Elaha : une héroïne de notre temps

Présenté à la Berlinale l’an dernier et tout récemment à Premiers plans, à Angers, le premier long métrage de la réalisatrice kurde yazidie Milena Aboyan est à voir en salles cette semaine. Il brosse le portrait d’une jeune femme proche de se marier, dans l’Allemagne d’aujourd’hui, et n’ayant d’autre choix d’envisager une opération de reconstruction d’hymen.

C’est un premier long métrage enthousiasmant que distribue cette semaine le label nantais Wayna Pitch, qui tombe par ailleurs à pic en regard de la coloration du Festival du court métrage de Clermont-Ferrand 2024, qui fait la part belle aux réalisatrices européennes et aux personnages féminins insoumis tout à la fois.

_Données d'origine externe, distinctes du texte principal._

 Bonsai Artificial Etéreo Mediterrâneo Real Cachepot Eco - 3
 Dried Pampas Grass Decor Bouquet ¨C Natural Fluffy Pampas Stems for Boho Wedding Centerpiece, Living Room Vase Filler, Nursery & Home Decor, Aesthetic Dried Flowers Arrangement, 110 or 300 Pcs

Car la soumission, ou son contraire, est précisément au cœur d’Elaha, dont la jeune protagoniste éponyme, d’origine kurde et vivant en Allemagne, est piégée dans une situation périlleuse – hélas des plus banales : elle doit épouser un garçon de sa communauté, mais n’est pluss vierge, soit le comble du déshonneur pour sa famille si elle l’apprenait (sa mère en premier lieu, qui affirme préférer mourir dans un tel cas de figure). Pas d’autre choix pour Elaha, donc, que de garder le silence et envisager de reconstruire son hymen.

La symbolique est forte, bien sûr, mais Milena Aboyan échappe aux stéréotypes du “film à message” en scrutant l’évolution de la jeune femme, qui a des désirs qu’elle pourrait finir par assumer et qu’une prise de conscience amène à remettre en cause cet enjeu de la virginité, omniprésent dans la plupart des traditions et des croyances religieuses : pour qui faut-il forcément se plier à ce diktat ?

Le point de vue est courageux, d’autant qu’il est toujours complexe et nuancé, et la réalisatrice a trouvé en Bayan Layla une actrice assez prodigieuse pour jouer Elaha, entre réserve et sensualité, craintes de trahir son milieu et volonté de s’affranchir en tant qu’individu – que femme des années 2020 en Occident, tout simplement. Milena Aboyan, née en Arménie et d’origine kurde yézidie, est issue de la la Filmakademie Baden-Württemberg et avait signé le court métrage L’astuce de Gretel en 2018.